__Records drawn from a dataset__
*** Block opens ***
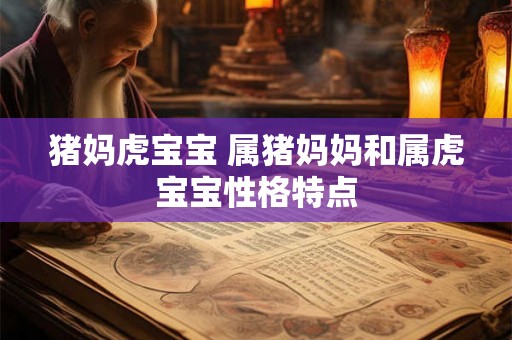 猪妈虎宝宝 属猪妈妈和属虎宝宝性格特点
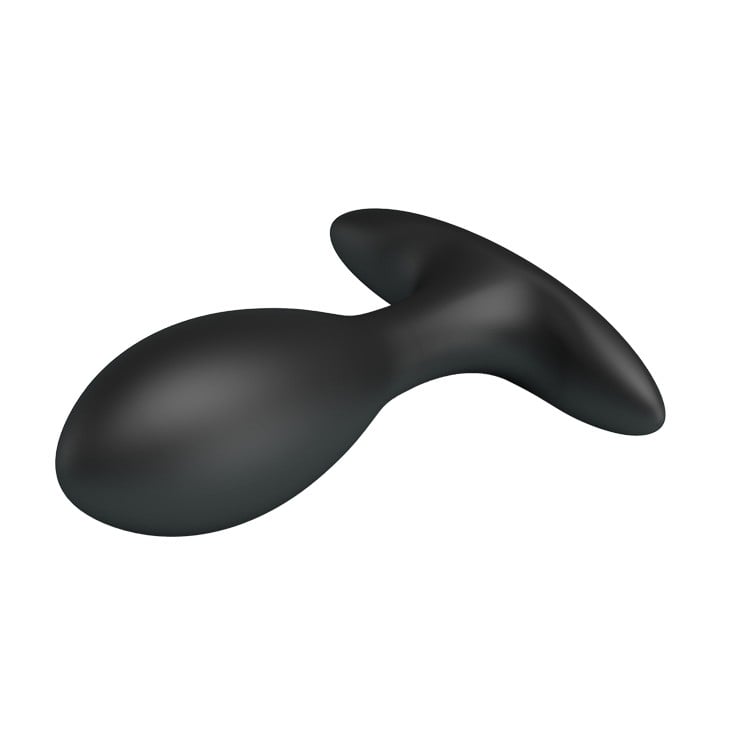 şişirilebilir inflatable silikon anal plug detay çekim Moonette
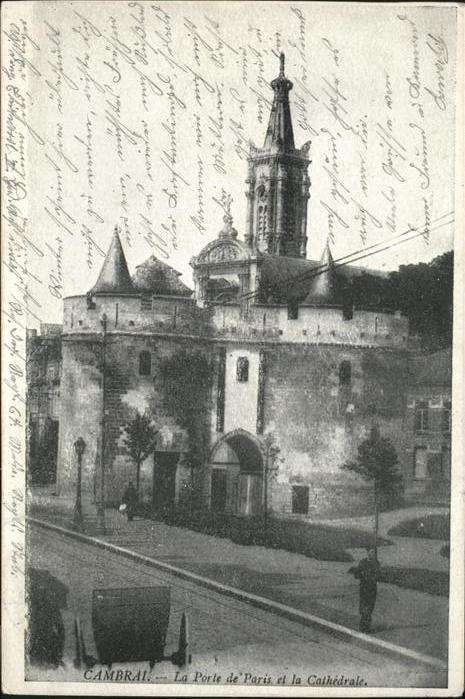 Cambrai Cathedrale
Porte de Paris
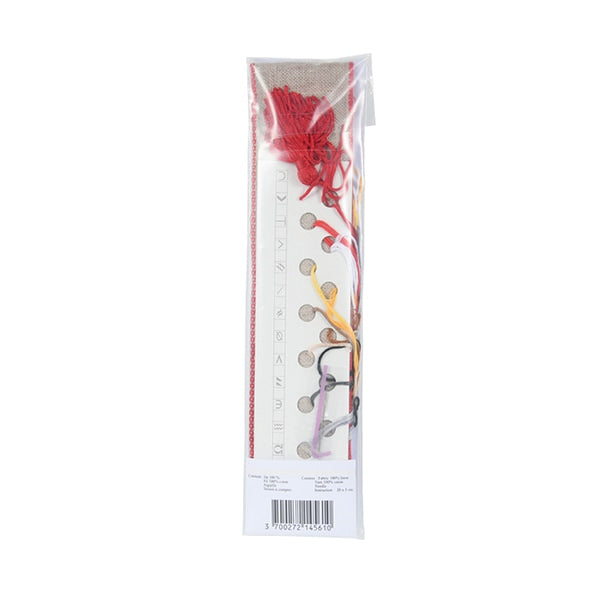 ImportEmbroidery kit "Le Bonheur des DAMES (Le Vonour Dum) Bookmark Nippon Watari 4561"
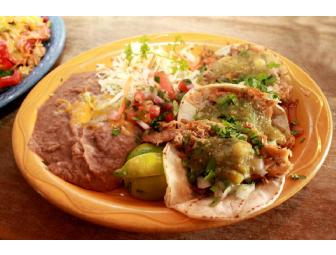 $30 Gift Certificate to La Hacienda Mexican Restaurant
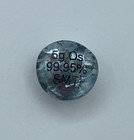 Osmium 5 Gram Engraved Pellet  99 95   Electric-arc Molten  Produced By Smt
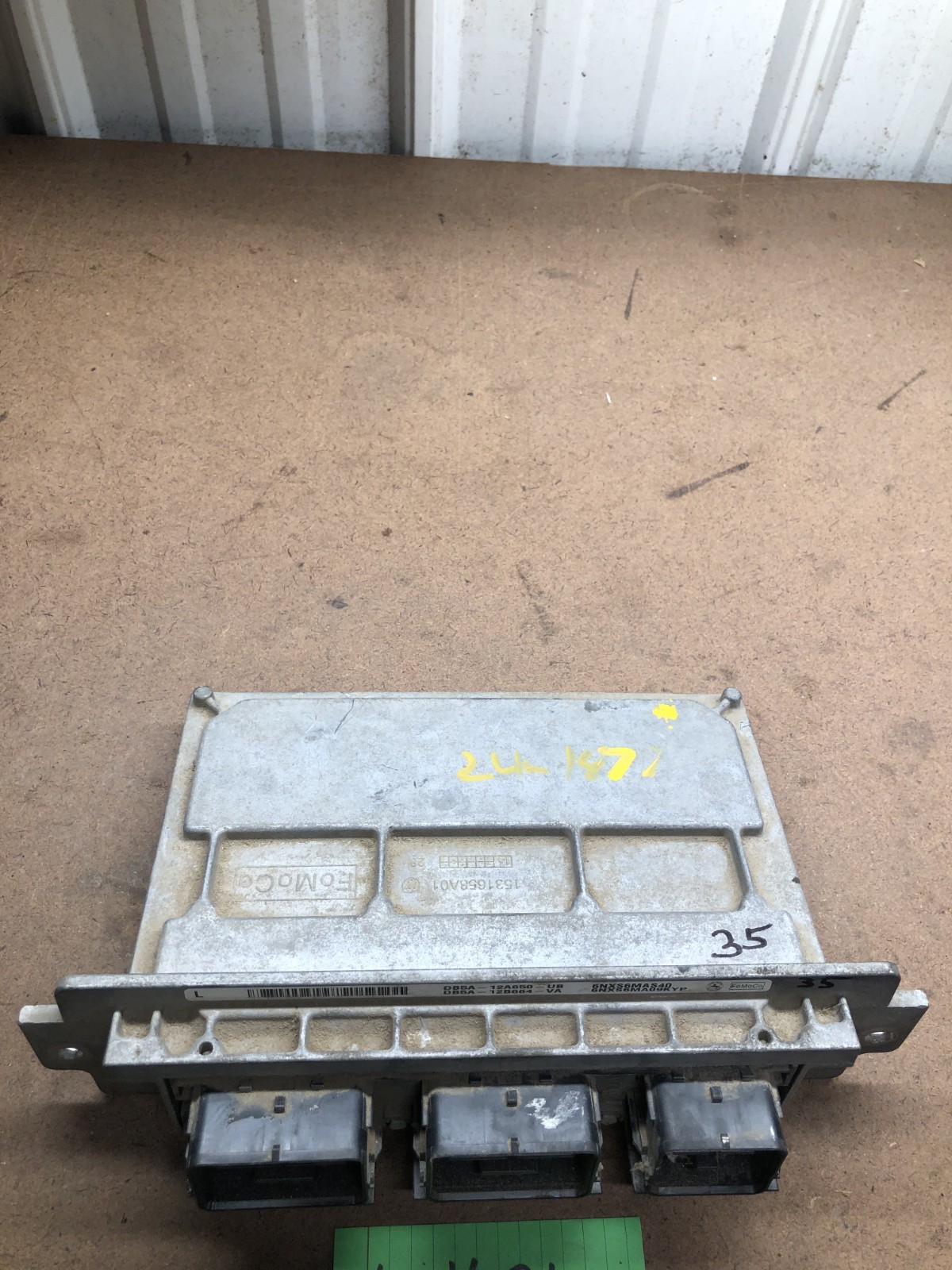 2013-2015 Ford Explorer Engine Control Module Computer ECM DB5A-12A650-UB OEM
*** Block closes ***
__Required work__
The line containing "Cambrai Cathedrale" marks the start: set down exactly that line and every line after it through the last line of the data, without any pictures.

__Solution__
 Cambrai Cathedrale
Porte de Paris
 ImportEmbroidery kit "Le Bonheur des DAMES (Le Vonour Dum) Bookmark Nippon Watari 4561"
 $30 Gift Certificate to La Hacienda Mexican Restaurant
 Osmium 5 Gram Engraved Pellet  99 95   Electric-arc Molten  Produced By Smt
 2013-2015 Ford Explorer Engine Control Module Computer ECM DB5A-12A650-UB OEM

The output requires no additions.